Your goal: For this exercise, reproduce the entries below exactly, but only from the line containing "dining room featuring" through the line containing "Weatherproof Electromagnetic Cat", both included.

Dataset:
**********

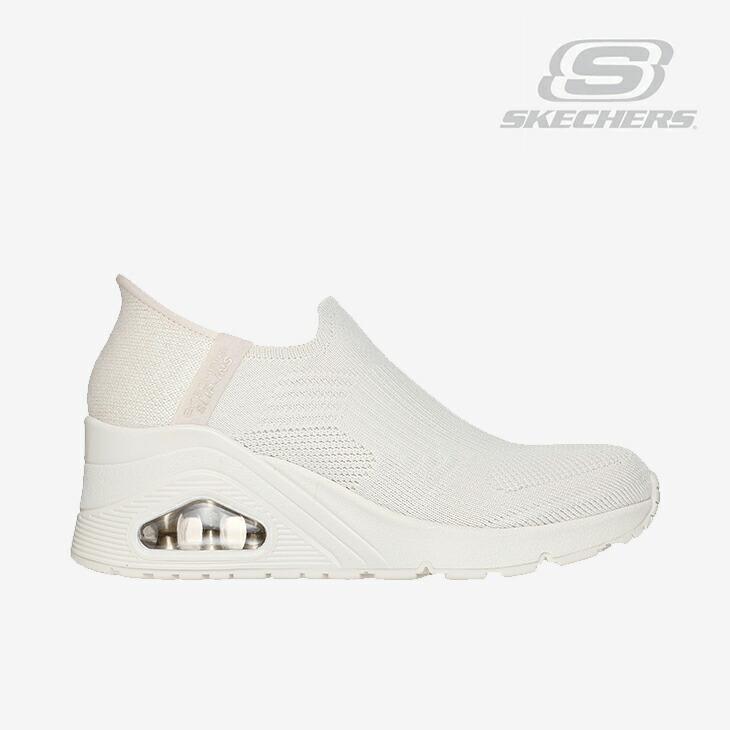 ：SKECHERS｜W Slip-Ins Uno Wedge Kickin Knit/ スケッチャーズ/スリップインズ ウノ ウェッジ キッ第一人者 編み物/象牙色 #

**********

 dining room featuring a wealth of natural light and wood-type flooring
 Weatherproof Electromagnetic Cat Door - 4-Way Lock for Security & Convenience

**********

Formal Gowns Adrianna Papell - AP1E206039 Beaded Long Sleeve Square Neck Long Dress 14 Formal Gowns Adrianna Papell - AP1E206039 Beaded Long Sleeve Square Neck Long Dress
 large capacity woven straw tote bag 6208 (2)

**********

Result of this task:
 dining room featuring a wealth of natural light and wood-type flooring
 Weatherproof Electromagnetic Cat Door - 4-Way Lock for Security & Convenience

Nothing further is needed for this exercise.